→ **Work request**: In the records that follow, find the line containing "Imagem Apartamento Ekoa" and the line containing "Ecocapsule on a roof", then transcribe both and every line between them exactly, omitting pictures.

→ **Input for this task**:
== Segment start ==

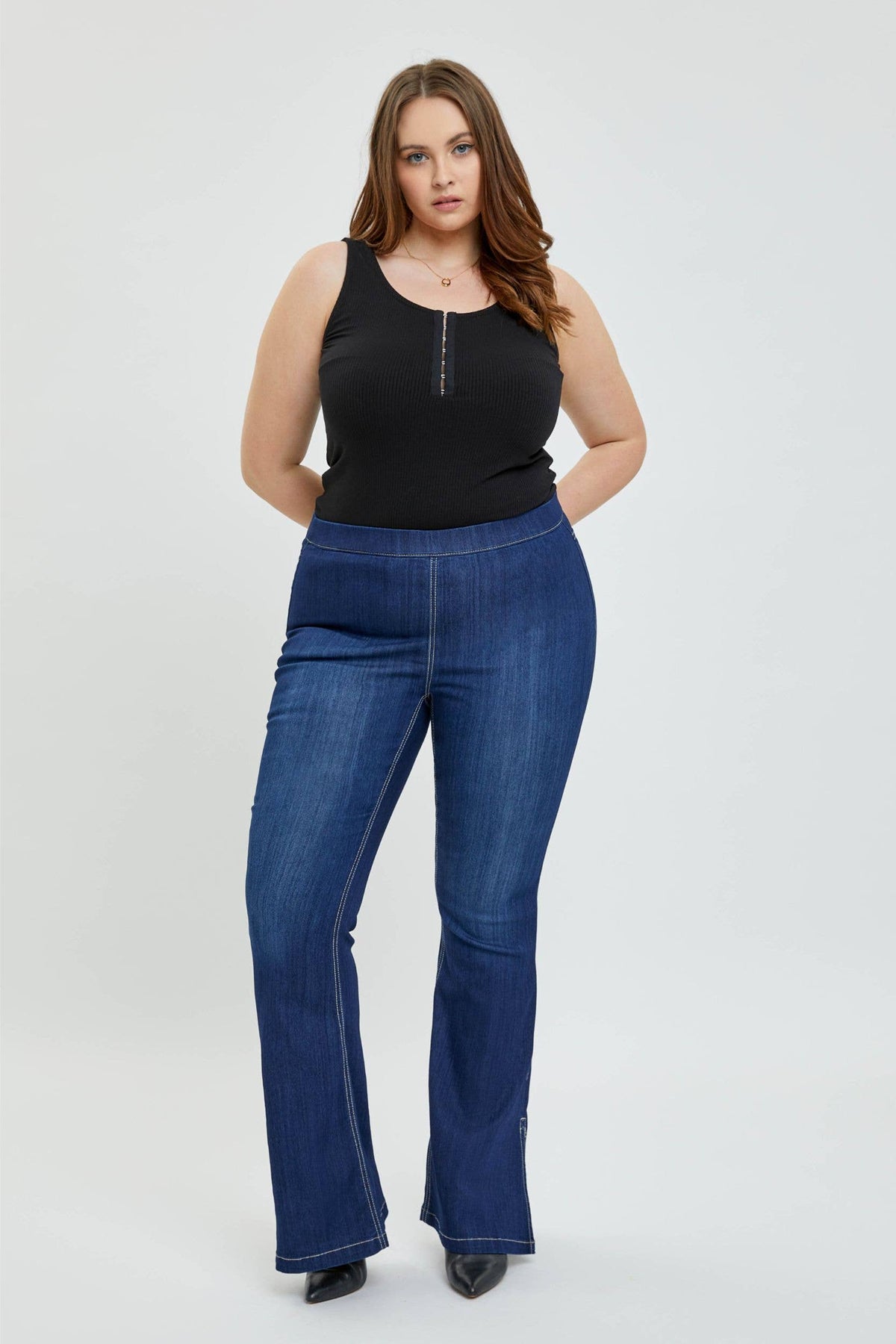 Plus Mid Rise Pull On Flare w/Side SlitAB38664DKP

== Segment end ==
== Segment start ==

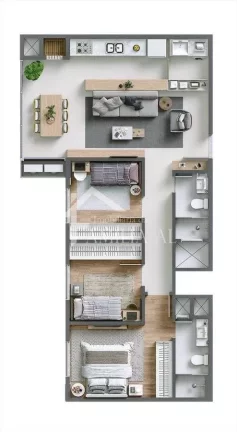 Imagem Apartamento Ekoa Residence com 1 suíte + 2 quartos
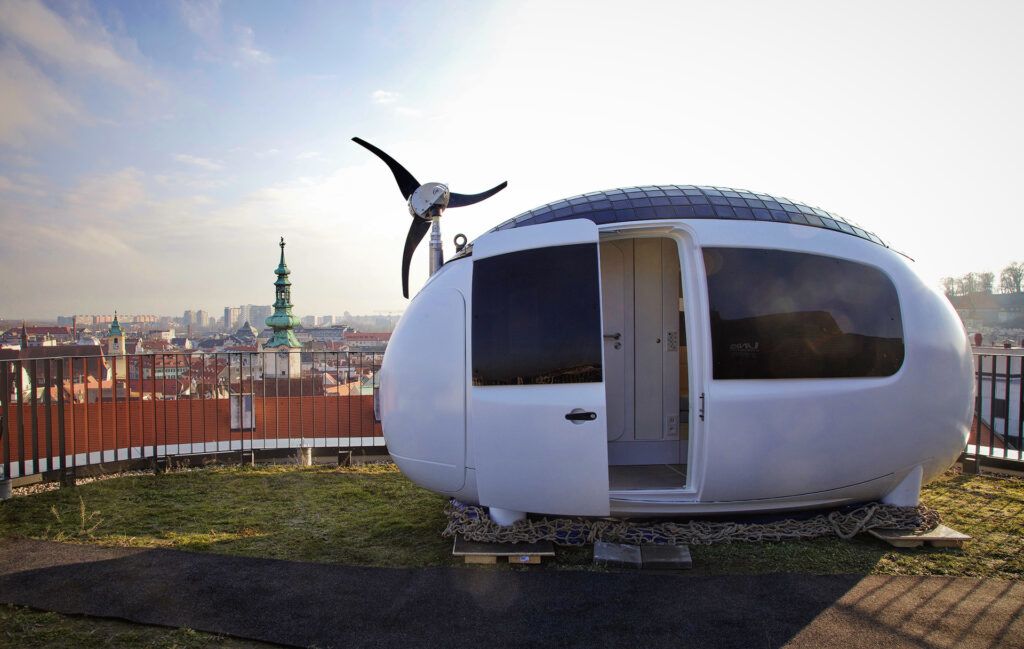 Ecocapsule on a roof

== Segment end ==

→ **Written solution**:
 Imagem Apartamento Ekoa Residence com 1 suíte + 2 quartos
 Ecocapsule on a roof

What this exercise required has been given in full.